● **HOW TO COMPLETE THIS TASK**
Please copy every record below exactly, but leave the pictures out.

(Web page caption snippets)
────────────────────────────────────────

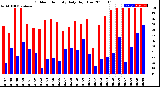 Milwaukee Weather Outdoor Humidity<br>Daily High/Low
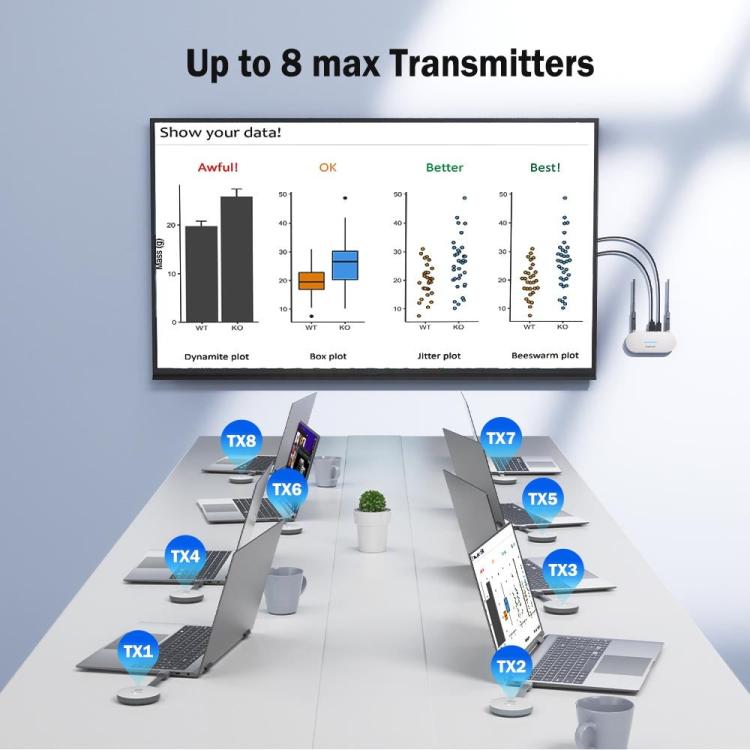 Lemorele G52R1 HDMI-compatible Wireless Transmitter Set 1080P 50M HDMI VGA 3.5mm Audio Adapter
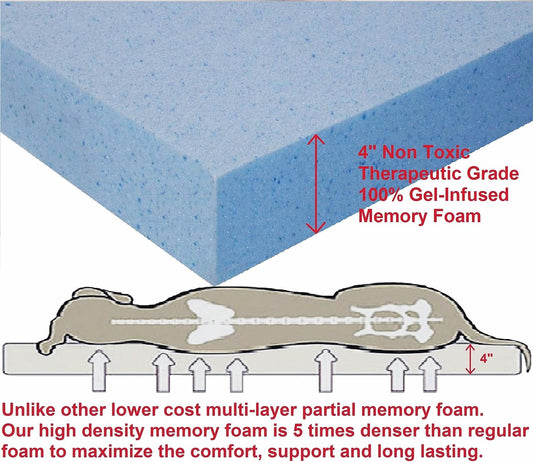 Waterproof Orthopedic Gel Memory Foam Pet Dog Bed (Microsuede Espresso, 55"X47"X4")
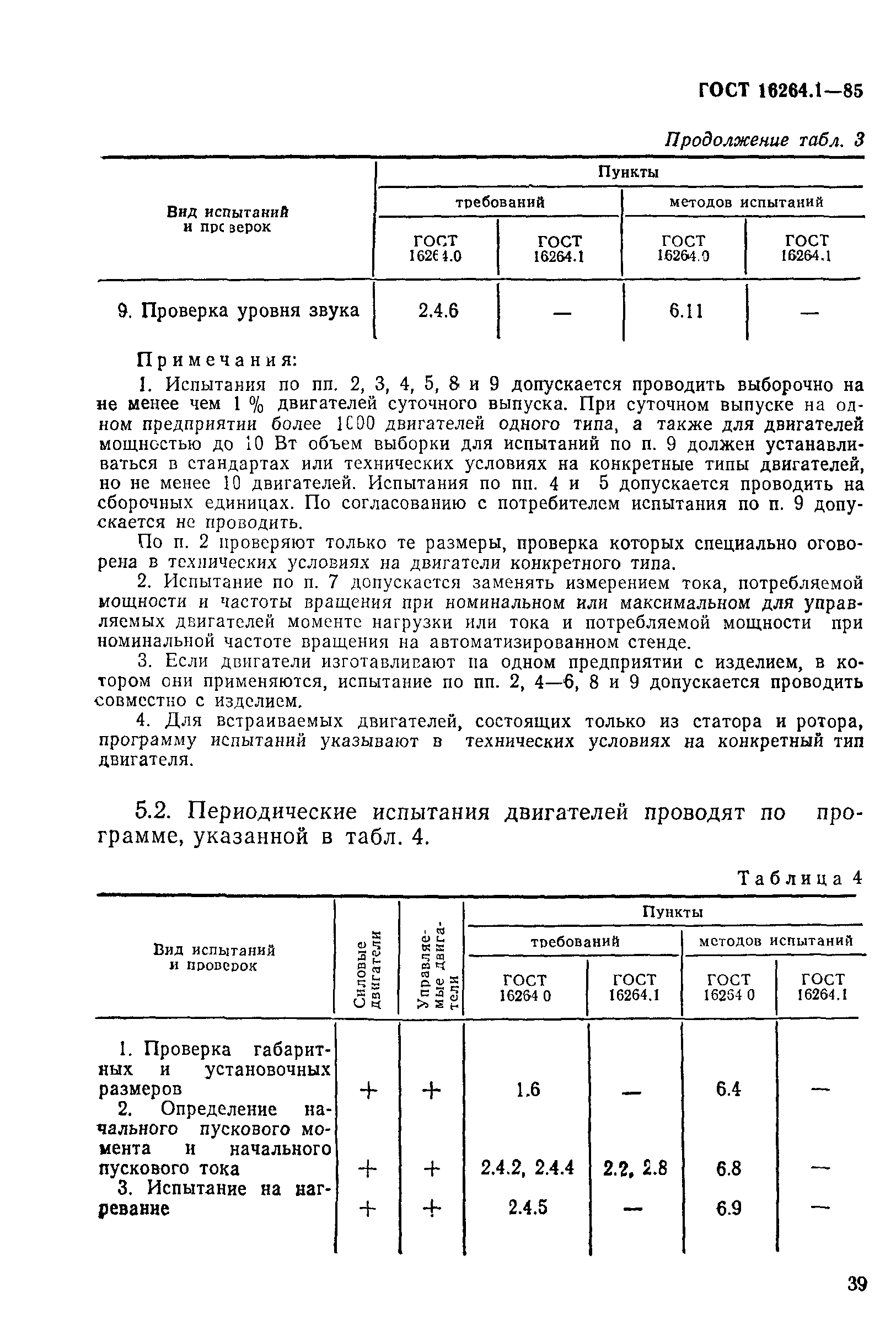 ГОСТ 16264.1-85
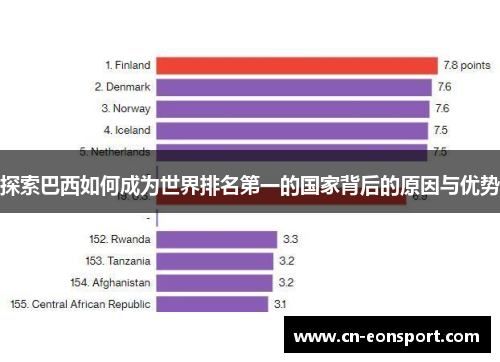 探索巴西如何成为世界排名第一的国家背后的原因与优势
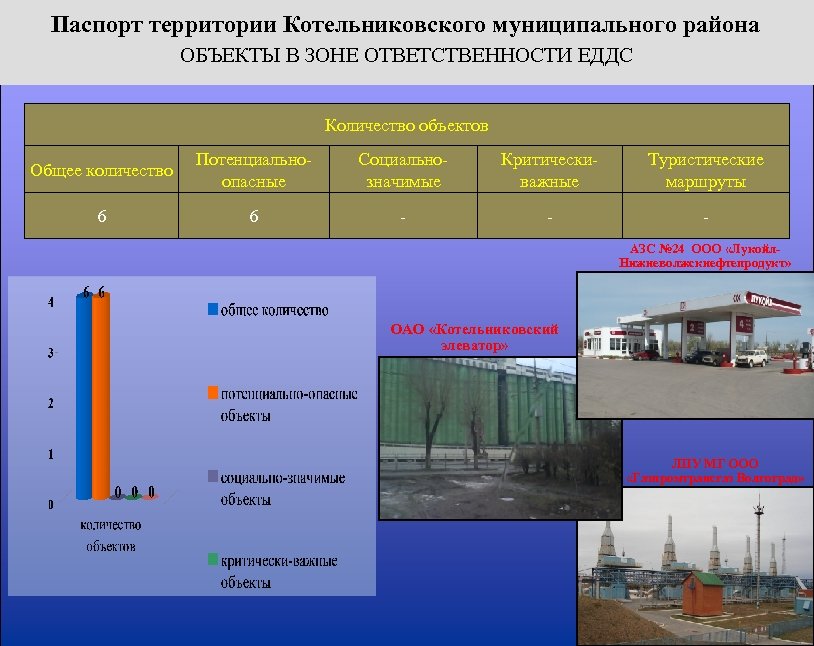 Паспорт потенциально опасного объекта образец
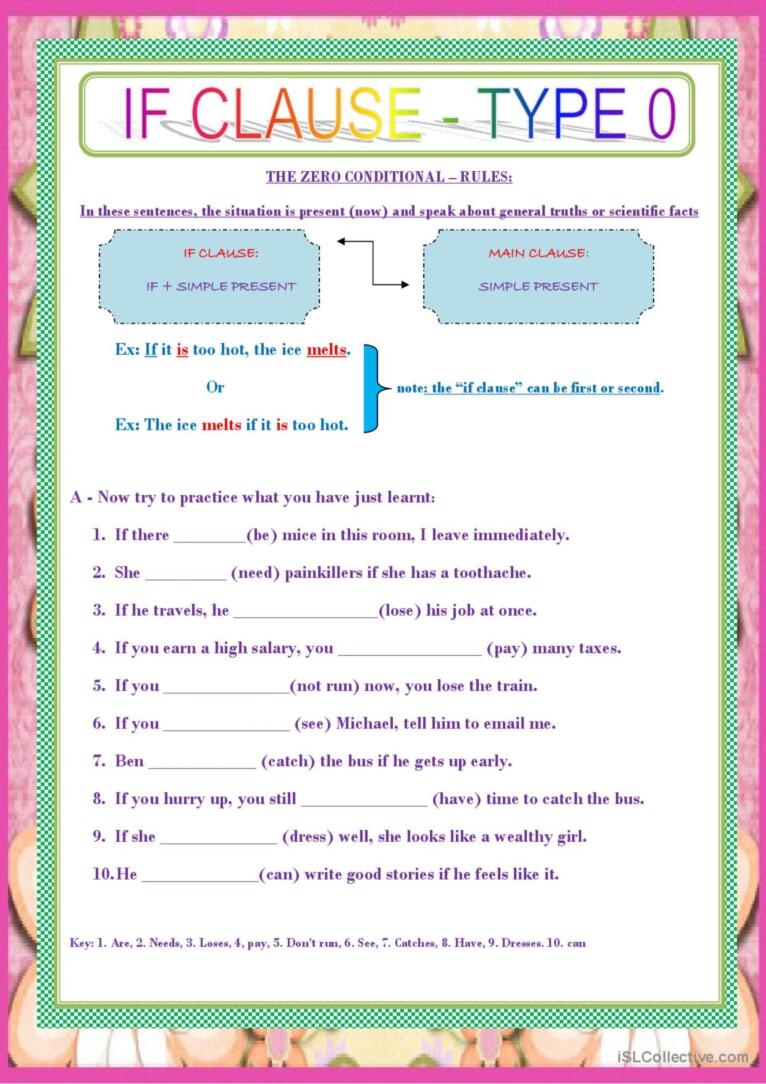 IF CLAUSE TYPE 0 Grammar Guide English ESL Worksheets Pdf Doc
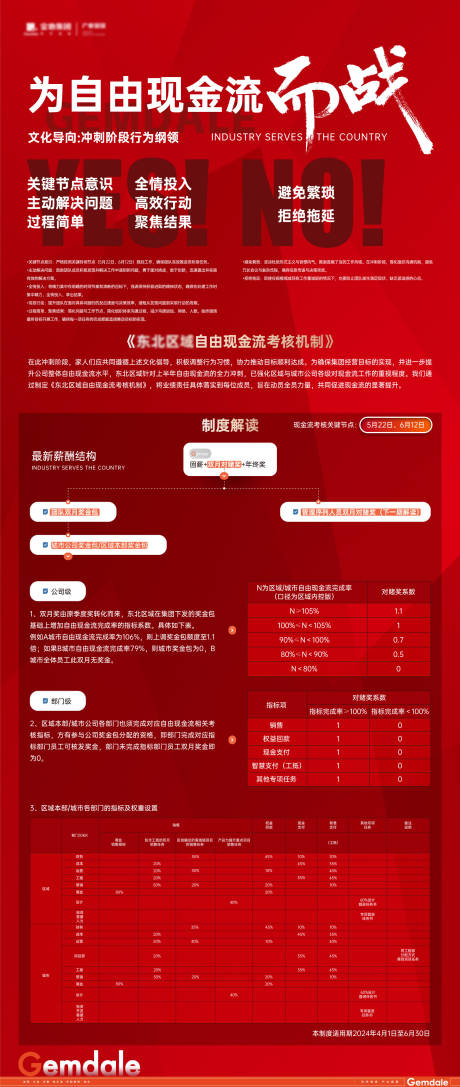 流程图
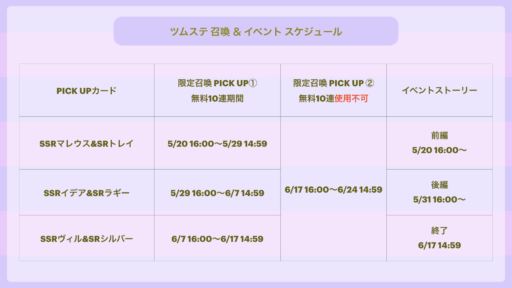 【追記】ツムステ 前半はどこまで？何したらいいの？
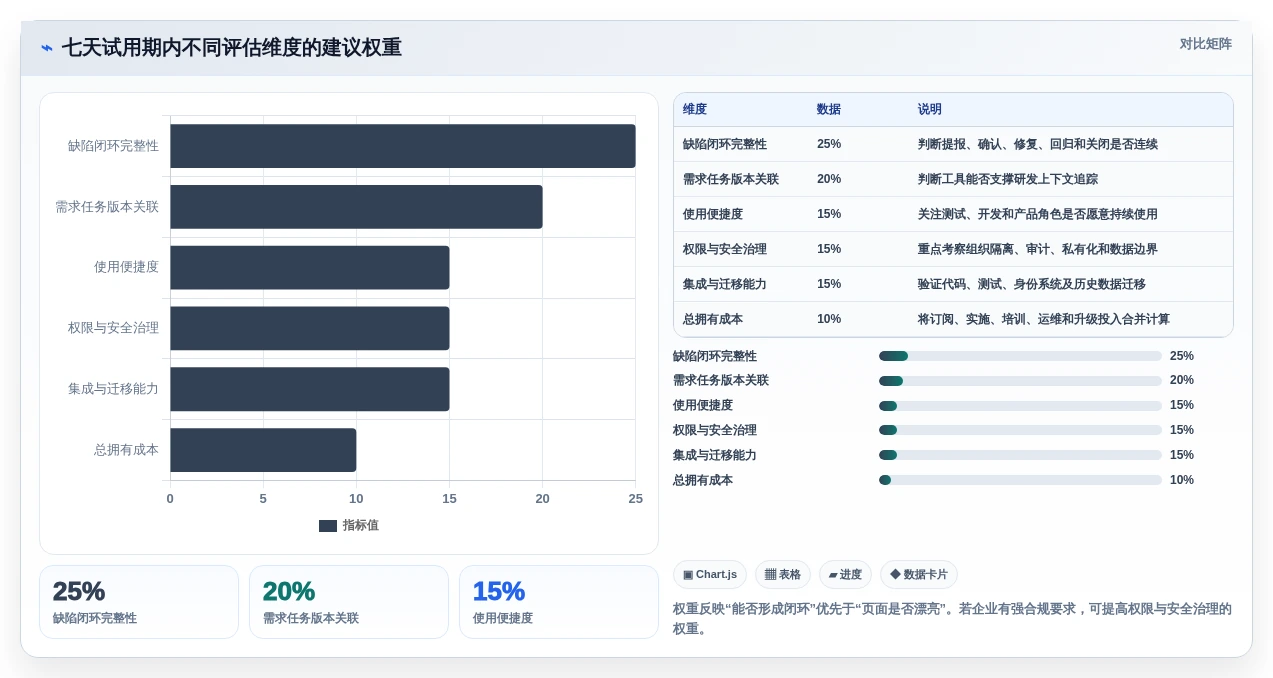 提升项目质量:2026年最受欢迎的7款bug登记工具盘点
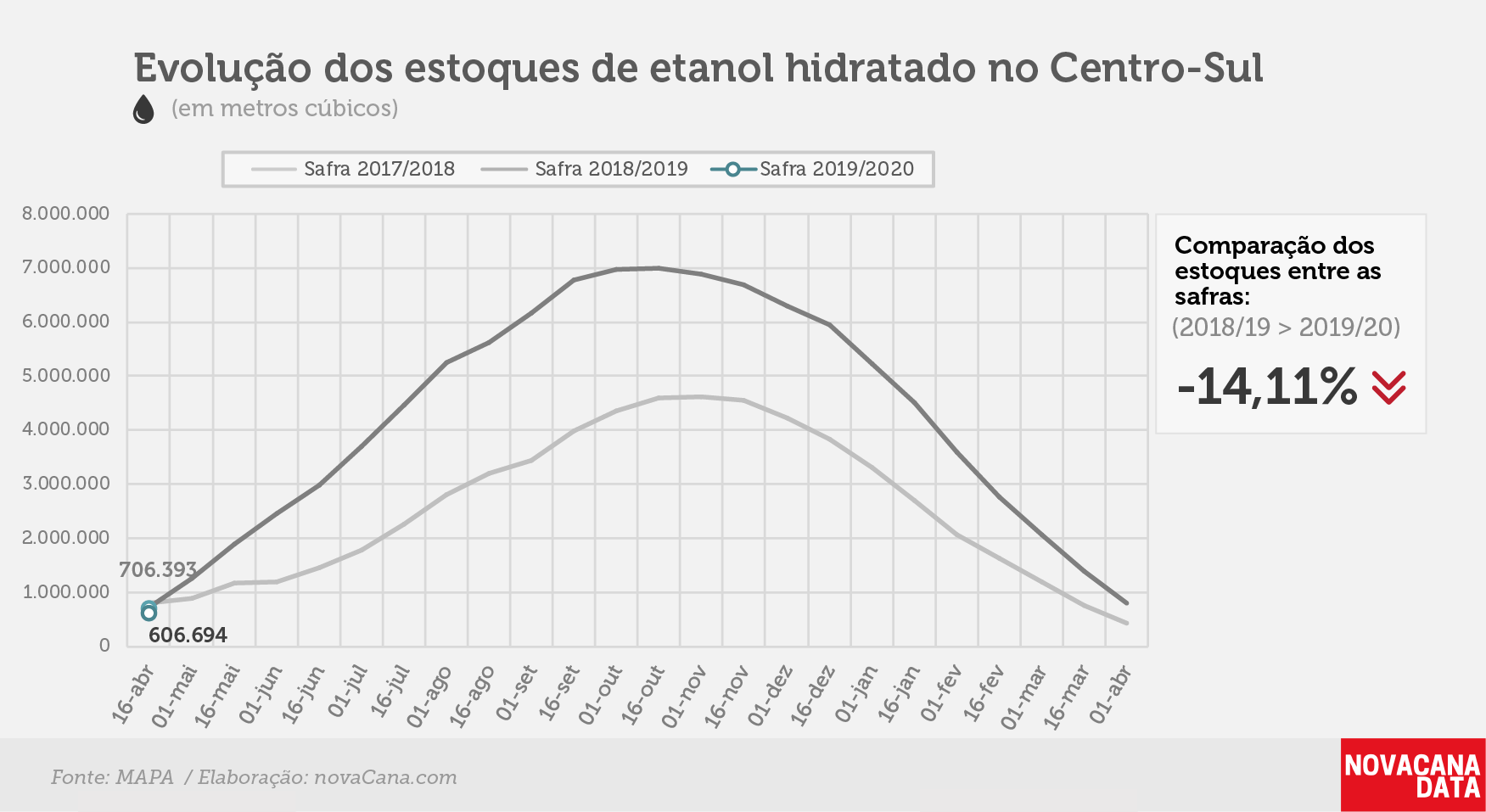 etanol 02 hidratado 29.04.19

────────────────────────────────────────

● **COMPLETED EXERCISE**
 Milwaukee Weather Outdoor Humidity<br>Daily High/Low
 Lemorele G52R1 HDMI-compatible Wireless Transmitter Set 1080P 50M HDMI VGA 3.5mm Audio Adapter
 Waterproof Orthopedic Gel Memory Foam Pet Dog Bed (Microsuede Espresso, 55"X47"X4")
 ГОСТ 16264.1-85
 探索巴西如何成为世界排名第一的国家背后的原因与优势
 Паспорт потенциально опасного объекта образец
 IF CLAUSE TYPE 0 Grammar Guide English ESL Worksheets Pdf Doc
 流程图
 【追記】ツムステ 前半はどこまで？何したらいいの？
 提升项目质量:2026年最受欢迎的7款bug登记工具盘点
 etanol 02 hidratado 29.04.19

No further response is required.